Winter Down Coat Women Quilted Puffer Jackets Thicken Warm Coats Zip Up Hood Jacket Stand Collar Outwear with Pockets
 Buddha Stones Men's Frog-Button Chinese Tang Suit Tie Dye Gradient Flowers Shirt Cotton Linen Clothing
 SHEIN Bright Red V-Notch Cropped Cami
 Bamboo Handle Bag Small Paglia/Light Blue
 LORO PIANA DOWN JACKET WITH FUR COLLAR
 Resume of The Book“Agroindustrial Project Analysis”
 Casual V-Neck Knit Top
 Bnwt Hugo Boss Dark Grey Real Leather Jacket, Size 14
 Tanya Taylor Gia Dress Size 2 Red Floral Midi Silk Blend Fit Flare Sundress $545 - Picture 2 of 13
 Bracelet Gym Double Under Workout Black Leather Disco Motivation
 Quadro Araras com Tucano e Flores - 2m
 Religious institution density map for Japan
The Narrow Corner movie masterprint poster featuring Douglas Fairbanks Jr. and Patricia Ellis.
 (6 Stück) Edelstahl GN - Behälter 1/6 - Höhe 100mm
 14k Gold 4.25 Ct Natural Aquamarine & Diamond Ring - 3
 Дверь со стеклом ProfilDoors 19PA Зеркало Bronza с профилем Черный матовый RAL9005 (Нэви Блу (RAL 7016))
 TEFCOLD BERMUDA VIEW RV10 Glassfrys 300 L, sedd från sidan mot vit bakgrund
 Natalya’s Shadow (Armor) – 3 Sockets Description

++++++++++++++++++++

#### What the exercise asks
Reproduce the material exactly, with every line intact.

#### Exercise output
Winter Down Coat Women Quilted Puffer Jackets Thicken Warm Coats Zip Up Hood Jacket Stand Collar Outwear with Pockets
 Buddha Stones Men's Frog-Button Chinese Tang Suit Tie Dye Gradient Flowers Shirt Cotton Linen Clothing
 SHEIN Bright Red V-Notch Cropped Cami
 Bamboo Handle Bag Small Paglia/Light Blue
 LORO PIANA DOWN JACKET WITH FUR COLLAR
 Resume of The Book“Agroindustrial Project Analysis”
 Casual V-Neck Knit Top
 Bnwt Hugo Boss Dark Grey Real Leather Jacket, Size 14
 Tanya Taylor Gia Dress Size 2 Red Floral Midi Silk Blend Fit Flare Sundress $545 - Picture 2 of 13
 Bracelet Gym Double Under Workout Black Leather Disco Motivation
 Quadro Araras com Tucano e Flores - 2m
 Religious institution density map for Japan
The Narrow Corner movie masterprint poster featuring Douglas Fairbanks Jr. and Patricia Ellis.
 (6 Stück) Edelstahl GN - Behälter 1/6 - Höhe 100mm
 14k Gold 4.25 Ct Natural Aquamarine & Diamond Ring - 3
 Дверь со стеклом ProfilDoors 19PA Зеркало Bronza с профилем Черный матовый RAL9005 (Нэви Блу (RAL 7016))
 TEFCOLD BERMUDA VIEW RV10 Glassfrys 300 L, sedd från sidan mot vit bakgrund
 Natalya’s Shadow (Armor) – 3 Sockets Description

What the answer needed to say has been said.